WHAT NEEDS TO BE DONE >> Look below for the line containing "Nadie sabe para quien trabaja poster" and the line containing "Solved Evaluate The"; repeat exactly those two lines and all lines between them, and nothing else.

(Extracted records)
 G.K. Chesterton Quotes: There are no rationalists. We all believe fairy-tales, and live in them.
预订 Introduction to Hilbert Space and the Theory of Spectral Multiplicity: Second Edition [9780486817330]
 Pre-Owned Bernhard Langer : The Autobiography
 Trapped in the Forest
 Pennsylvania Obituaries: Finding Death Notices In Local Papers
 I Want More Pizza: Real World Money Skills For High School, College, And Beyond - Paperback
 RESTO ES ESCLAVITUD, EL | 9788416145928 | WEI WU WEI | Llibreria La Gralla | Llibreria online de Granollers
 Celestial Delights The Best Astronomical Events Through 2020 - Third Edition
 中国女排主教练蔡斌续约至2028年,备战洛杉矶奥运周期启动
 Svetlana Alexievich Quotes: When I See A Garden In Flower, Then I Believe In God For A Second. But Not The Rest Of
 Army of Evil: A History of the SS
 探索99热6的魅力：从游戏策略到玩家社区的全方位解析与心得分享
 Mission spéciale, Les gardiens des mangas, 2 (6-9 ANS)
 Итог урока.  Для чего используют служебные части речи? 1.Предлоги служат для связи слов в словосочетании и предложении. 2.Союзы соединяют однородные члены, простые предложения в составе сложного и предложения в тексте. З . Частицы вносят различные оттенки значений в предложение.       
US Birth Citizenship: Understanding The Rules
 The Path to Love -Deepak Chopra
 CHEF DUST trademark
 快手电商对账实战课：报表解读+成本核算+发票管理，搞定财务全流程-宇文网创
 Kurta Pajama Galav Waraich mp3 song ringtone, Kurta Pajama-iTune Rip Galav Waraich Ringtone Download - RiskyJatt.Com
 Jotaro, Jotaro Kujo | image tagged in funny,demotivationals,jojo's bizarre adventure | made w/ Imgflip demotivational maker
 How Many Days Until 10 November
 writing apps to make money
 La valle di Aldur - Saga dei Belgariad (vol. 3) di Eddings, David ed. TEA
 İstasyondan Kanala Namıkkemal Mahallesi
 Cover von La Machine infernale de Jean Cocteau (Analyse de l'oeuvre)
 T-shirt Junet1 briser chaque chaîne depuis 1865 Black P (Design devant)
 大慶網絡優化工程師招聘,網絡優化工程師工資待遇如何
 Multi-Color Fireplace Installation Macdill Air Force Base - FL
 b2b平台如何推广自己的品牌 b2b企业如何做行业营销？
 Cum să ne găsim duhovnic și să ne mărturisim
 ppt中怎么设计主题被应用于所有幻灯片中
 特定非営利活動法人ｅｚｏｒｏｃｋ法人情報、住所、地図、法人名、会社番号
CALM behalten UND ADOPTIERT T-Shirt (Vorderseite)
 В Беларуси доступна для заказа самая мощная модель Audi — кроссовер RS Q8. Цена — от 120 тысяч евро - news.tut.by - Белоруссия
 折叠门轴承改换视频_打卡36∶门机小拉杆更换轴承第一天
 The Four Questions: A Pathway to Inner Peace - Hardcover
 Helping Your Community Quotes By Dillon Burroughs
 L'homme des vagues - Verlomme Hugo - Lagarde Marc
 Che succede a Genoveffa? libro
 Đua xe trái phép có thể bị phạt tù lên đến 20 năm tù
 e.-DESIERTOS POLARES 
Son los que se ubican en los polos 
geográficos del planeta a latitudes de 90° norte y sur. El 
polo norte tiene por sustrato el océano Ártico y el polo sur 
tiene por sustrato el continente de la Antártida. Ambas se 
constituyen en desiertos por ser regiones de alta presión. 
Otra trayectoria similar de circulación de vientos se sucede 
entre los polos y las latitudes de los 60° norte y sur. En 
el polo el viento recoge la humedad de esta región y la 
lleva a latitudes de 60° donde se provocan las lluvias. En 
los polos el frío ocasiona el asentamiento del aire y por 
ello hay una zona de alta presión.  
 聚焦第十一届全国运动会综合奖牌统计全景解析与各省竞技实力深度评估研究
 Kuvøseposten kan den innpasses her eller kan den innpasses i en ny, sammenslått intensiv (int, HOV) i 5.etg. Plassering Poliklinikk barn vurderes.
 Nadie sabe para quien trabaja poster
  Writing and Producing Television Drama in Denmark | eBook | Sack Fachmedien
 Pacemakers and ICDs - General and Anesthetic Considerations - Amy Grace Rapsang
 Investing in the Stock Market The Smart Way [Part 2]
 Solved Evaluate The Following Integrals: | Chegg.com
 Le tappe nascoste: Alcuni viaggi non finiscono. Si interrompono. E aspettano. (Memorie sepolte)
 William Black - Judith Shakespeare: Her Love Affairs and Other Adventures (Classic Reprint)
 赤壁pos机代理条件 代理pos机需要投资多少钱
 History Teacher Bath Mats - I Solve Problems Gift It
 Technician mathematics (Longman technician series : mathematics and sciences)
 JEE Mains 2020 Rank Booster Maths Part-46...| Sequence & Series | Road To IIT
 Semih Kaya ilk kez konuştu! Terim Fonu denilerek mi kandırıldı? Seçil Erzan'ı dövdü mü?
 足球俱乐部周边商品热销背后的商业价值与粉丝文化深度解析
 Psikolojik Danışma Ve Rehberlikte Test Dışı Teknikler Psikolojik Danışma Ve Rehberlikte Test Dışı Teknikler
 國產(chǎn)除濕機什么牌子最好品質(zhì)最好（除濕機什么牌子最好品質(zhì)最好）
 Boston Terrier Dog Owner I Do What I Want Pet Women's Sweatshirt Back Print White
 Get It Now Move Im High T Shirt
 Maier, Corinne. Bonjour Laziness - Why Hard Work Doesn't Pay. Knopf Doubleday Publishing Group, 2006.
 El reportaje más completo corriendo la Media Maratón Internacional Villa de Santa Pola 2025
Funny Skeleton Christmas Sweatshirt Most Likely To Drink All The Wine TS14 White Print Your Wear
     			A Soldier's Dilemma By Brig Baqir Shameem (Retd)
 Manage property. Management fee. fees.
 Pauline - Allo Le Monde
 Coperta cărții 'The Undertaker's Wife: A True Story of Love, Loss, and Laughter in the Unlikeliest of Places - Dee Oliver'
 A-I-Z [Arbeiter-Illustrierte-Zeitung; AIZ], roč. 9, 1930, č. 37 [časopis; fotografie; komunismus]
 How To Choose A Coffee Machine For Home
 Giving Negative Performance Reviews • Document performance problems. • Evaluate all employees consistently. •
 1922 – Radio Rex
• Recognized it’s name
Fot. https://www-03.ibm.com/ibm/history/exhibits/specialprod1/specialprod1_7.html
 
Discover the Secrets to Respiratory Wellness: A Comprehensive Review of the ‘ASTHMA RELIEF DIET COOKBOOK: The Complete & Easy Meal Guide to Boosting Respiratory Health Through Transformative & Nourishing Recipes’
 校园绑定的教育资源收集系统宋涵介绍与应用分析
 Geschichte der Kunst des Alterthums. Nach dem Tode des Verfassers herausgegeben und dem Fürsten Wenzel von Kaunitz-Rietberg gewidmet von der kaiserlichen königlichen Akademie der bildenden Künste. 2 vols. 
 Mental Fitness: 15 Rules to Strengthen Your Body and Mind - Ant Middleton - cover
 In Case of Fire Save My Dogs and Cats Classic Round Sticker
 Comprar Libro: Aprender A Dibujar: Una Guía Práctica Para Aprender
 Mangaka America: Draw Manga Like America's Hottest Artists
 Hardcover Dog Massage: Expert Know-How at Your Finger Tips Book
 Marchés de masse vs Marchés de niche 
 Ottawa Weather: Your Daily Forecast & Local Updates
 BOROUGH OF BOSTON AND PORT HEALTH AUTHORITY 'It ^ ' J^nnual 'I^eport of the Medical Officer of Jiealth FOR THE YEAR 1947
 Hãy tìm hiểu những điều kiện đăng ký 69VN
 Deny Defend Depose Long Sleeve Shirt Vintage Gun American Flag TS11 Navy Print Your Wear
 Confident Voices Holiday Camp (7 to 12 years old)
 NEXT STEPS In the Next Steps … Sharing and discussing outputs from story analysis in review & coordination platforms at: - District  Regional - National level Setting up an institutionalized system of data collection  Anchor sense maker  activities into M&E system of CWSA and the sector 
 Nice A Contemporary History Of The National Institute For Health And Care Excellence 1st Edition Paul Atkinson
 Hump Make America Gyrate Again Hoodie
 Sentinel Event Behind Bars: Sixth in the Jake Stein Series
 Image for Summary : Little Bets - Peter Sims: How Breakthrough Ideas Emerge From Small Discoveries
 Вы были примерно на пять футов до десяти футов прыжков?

EXPECTED OUTPUT >>
 Nadie sabe para quien trabaja poster
  Writing and Producing Television Drama in Denmark | eBook | Sack Fachmedien
 Pacemakers and ICDs - General and Anesthetic Considerations - Amy Grace Rapsang
 Investing in the Stock Market The Smart Way [Part 2]
 Solved Evaluate The Following Integrals: | Chegg.com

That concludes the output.